CDXDirectory objects obey Python’s protocols for hashing, comparison, containment testing, iteration, indexing, and length query. Containment testing with directories with with CDXDirectory objects, CDXFile objects, or plain strings:
>>> from cdx.client.cdxfile import CDXDirectory >>> root = CDXDirectory('/', 'http://localhost:8192/cdx/prod') >>> len(root) 3 >>> subdir = root['2005'] >>> subdir CDXDirectory(path=/2005) >>> subdir in root True >>> '2005' in root True >>> subdir < root False >>> subdir > root True >>> for i in root: ... print i ... /2008 /2007 /2005 >>> root.sort() [CDXDirectory(path=/2005), CDXDirectory(path=/2007), CDXDirectory(path=/2008)]
CDXFile Objects
TBD.
Changelog
0.0.4 - Bugfix to 0.0.3 release
This is a bugfix release to 0.0.3, which includes some error checking to deal with some data format inconsistencies on the OODT OFSN product server end.
JIRA issues addressed (see http://oodt.jpl.nasa.gov/jira/browse/CDX):
CDX-43 Directory structure shouldn’t be preserved if cdxget is called without the -r parameter CDX-42 cdxget -r fails to retrieve MLS data CDX-41 cdxls -R chokes if dir size not provided
0.0.3 - Directory caching
The major feature of this release is the cdx.client.dircache module which enables local-disk caching of a subset of a remote CDX product server’s contents. It also introduces the concept of a cdx: scheme URL. Such a URL has this form:
cdx://hostname[:port]/endpoint/prod/path/to/a/directory
where hostname is the name or IP address of a CDX product server, port is an optional port number on which the server is listening, endpoint is the WebGrid service identifier (typically just the string cdx), prod is the fixed keyword prod, and path/to/a/directory is an absolute path to a directory within that product server.
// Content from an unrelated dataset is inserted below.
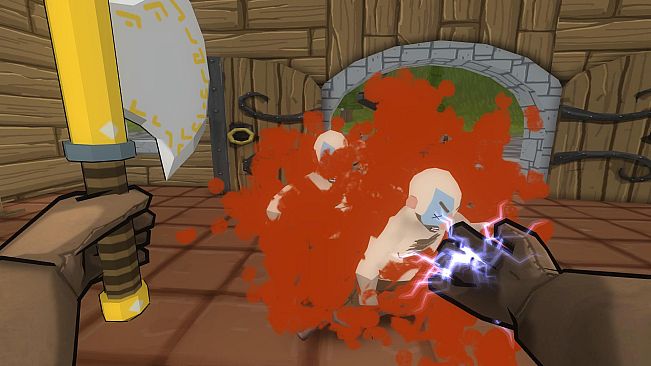 Gold Plated Axe - DLC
Such caching is intended to support the CCMValDiag software.
0.0.2 - Bug fix for cdxls
This release repairs a bug in cdxls that caused directories with only one item in them to not be listed properly.
0.0.1 - URL specification
This release provides support for a (-u url, –url=url) pair of command-line options that enable specification of a specific URL to use, falling back to the URL specified in the CDX_SERVER environment variable (and, if that’s unset, then http://mlscdx.jpl.nasa.gov:8080/cdx/prod). This supports two ideas suggested in CDX-16 (the first two, not the third with a cdx: style URL).
0.0.0 - Initial
This is an initial release of cdx-client supporting minimal cdxls and cdxget function.